Suami Wajib Bayar Utang Istri Walau Sudah Cerai? Begini Penjelasannya

- 27 Juni 2020, 02:20 WIB
Ilustrasi.
Ilustrasi. /


GALAMEDIA - Seorang suami tentunya berkewajiban untuk memenuhi kebutuhan keluarga, yakni anak-anak dan istrinya. Lalu bagaimana jika sang istri berutang, apakah hal itu menjadi tanggungan seorang suami? Bagaimana pula jika telah bercerai?

Untuk menjawab hal itu, perlu mengetahui jenis-jenis utang istri. Utang istri ini terbagi dalam dua jenis.

1. Utang pribadi untuk kebutuhan pribadi atau untuk kebutuhannya sendiri dan kebutuhan tersebut di luar nafkah yang diwajibkan atas suaminya. Seperti seorang istri membeli perhiasan tertentu, dan pembelian itu bukan atas tanggung jawab suaminya. Tapi atas tanggung jawab dia sebagai seorang pribadi, maka utang tersebut menjadi kewajiban dan tanggung jawab si istri untuk membayarnya.

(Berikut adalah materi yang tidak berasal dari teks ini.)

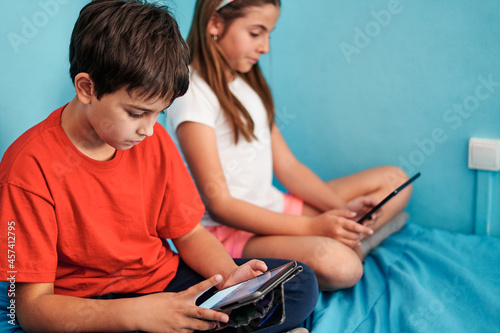 Boy and girl sitting on bed looking at tablet in room at home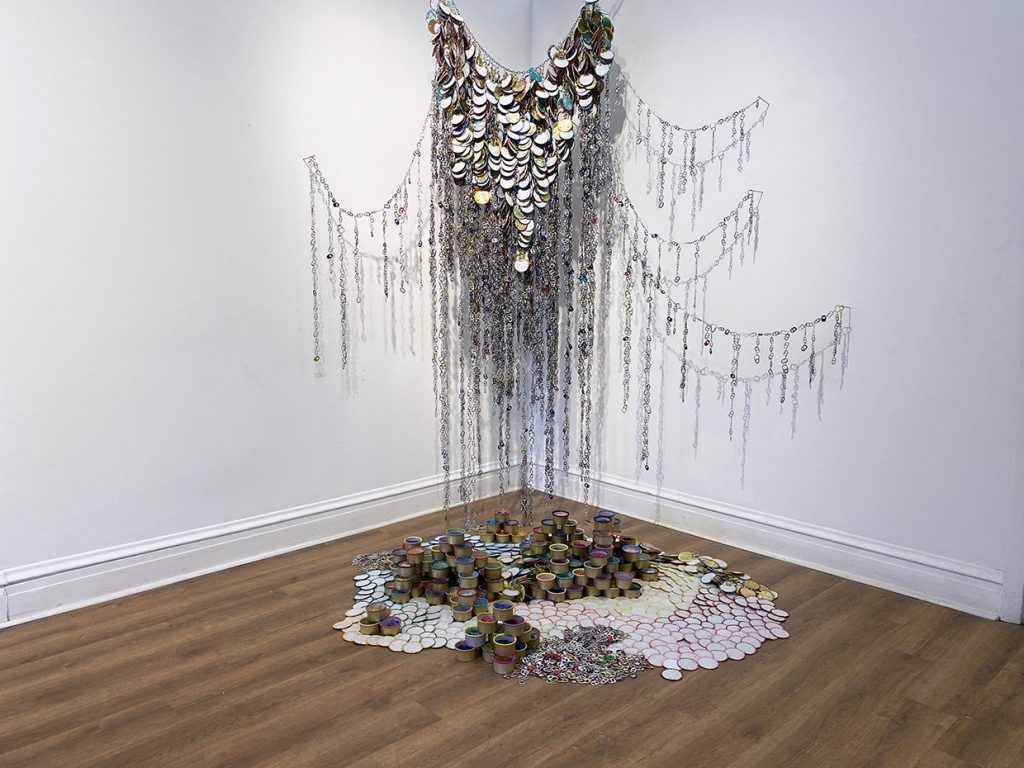 Image: Stacia Yeapanis, The Bounty and Burden of Caretaking, embroidered cat food cans and aluminum can tabs, 2021. A two-part sculpture installed both on a corner wall of the gallery and on the floor under the hanging piece of the multi-colored sculpture. Image courtesy of the artist and Annie Raab.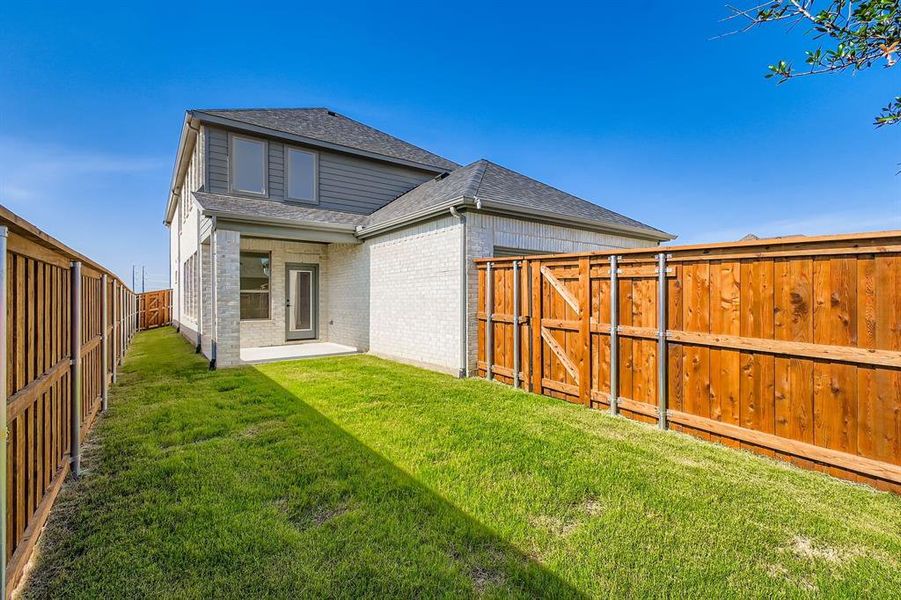 Back of property with roof with shingles, brick siding, a fenced backyard, and a gate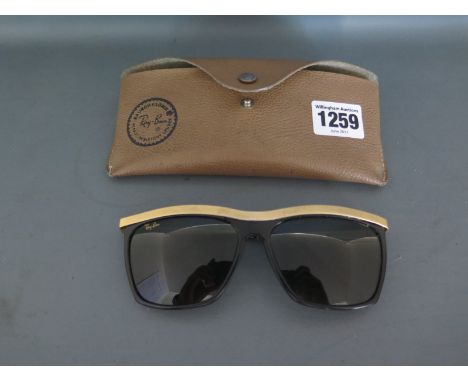 A pair of vintage USA made Rayban W0741 Olympian III sunglasses in ebony and gold - a hard to find model - gold Rayban logo o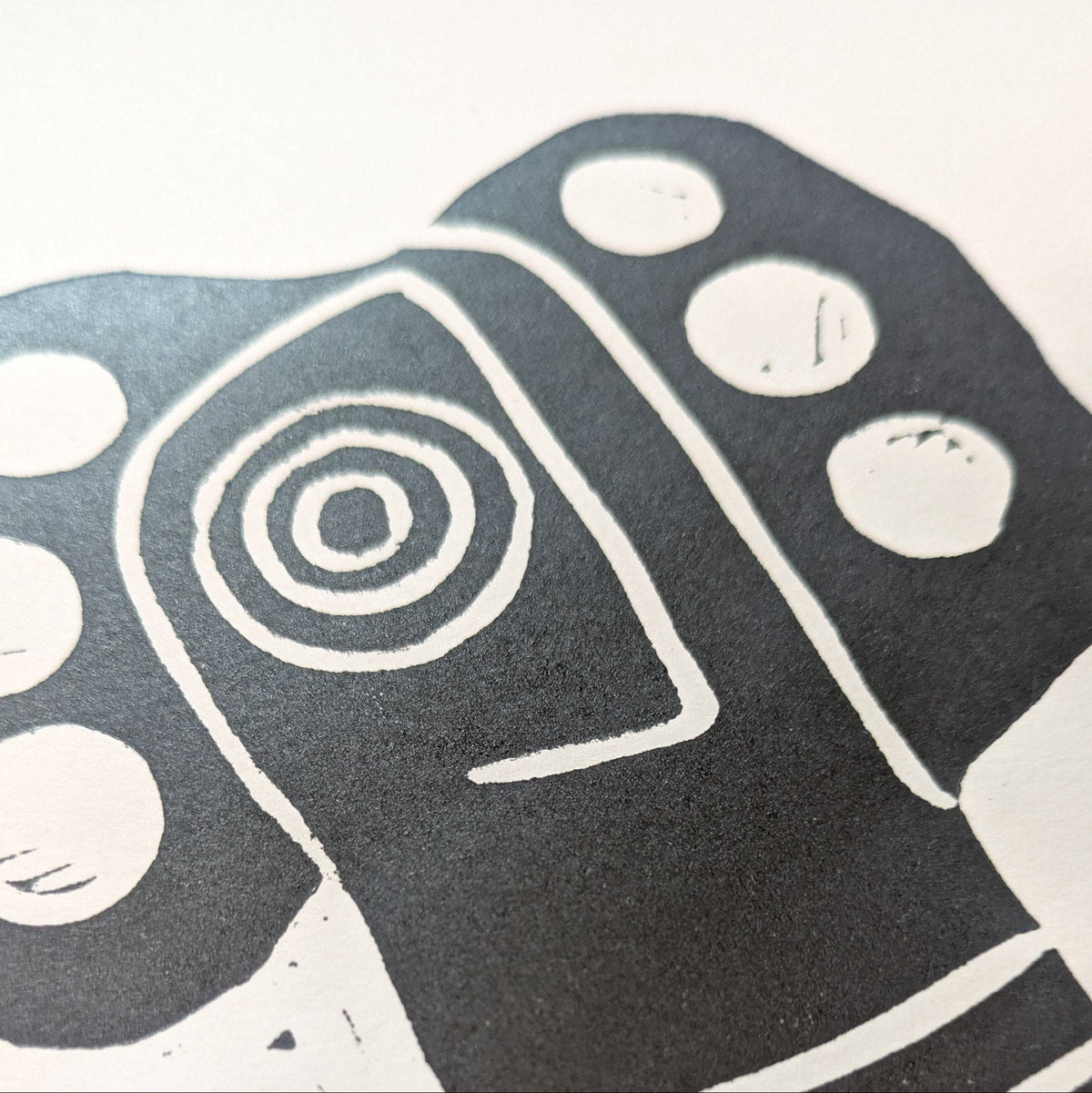 THE BIRD HEADED MOTHER black linocut print showing a stylized bird-headed figure with bold concentric eye markings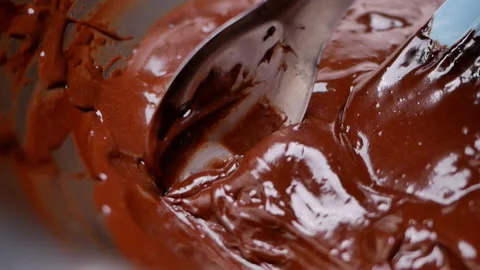 Female hands using a spoon to scoop chocolate batter onto tray prepare for bake. Stock Footage 158661112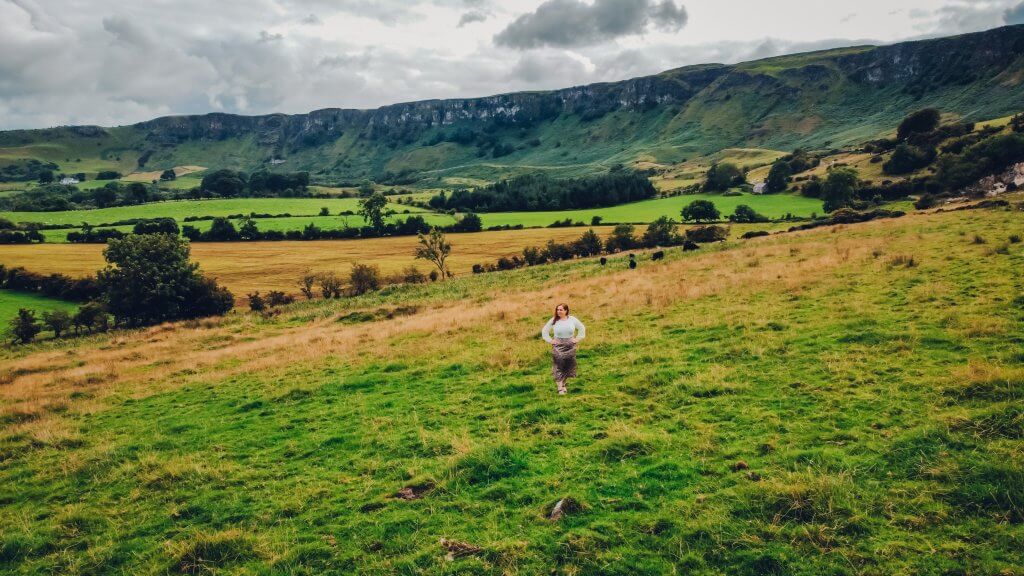 Woman standing at Sallagh Braes and Cairncastle a hidden gem in Antrim Northern Ireland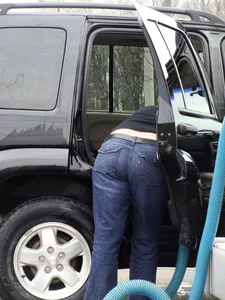 Girls cleaning their cars in jeans and pants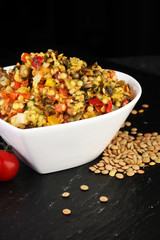 Lentil with carrot and pumpkin ragout in a wooden bowl on a wood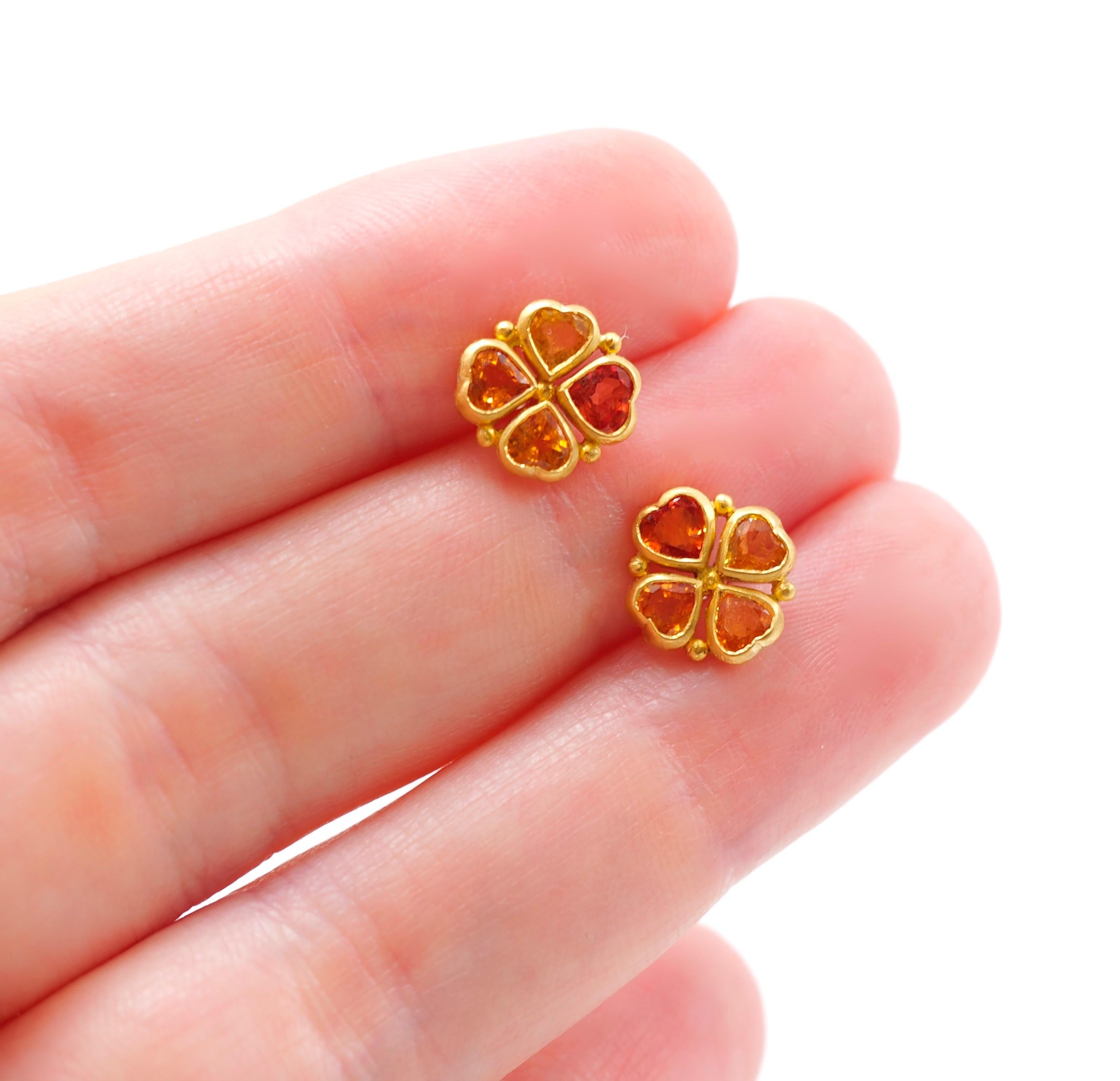 These earrings by Scrives are composed of 4 hearth shape sapphires (total weight of 1.38 cts). All 4 stones have different shapes and colours / hues from yellow to strong orange. 

The stones are set in gold (closed setting) and in the gaps, a gold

2. Utang untuk kebutuhan rumah tangga, baik itu untuk kebutuhan istri atau kebutuhan anak-anak atau untuk kebutuhan bersama. Utang tersebut termasuk pada urusan yang merupakan tanggung jawab dan kewajiban suami dalam memberi nafkah. Utang yang jenis ini menjadi tanggung jawab suami untuk membayarnya.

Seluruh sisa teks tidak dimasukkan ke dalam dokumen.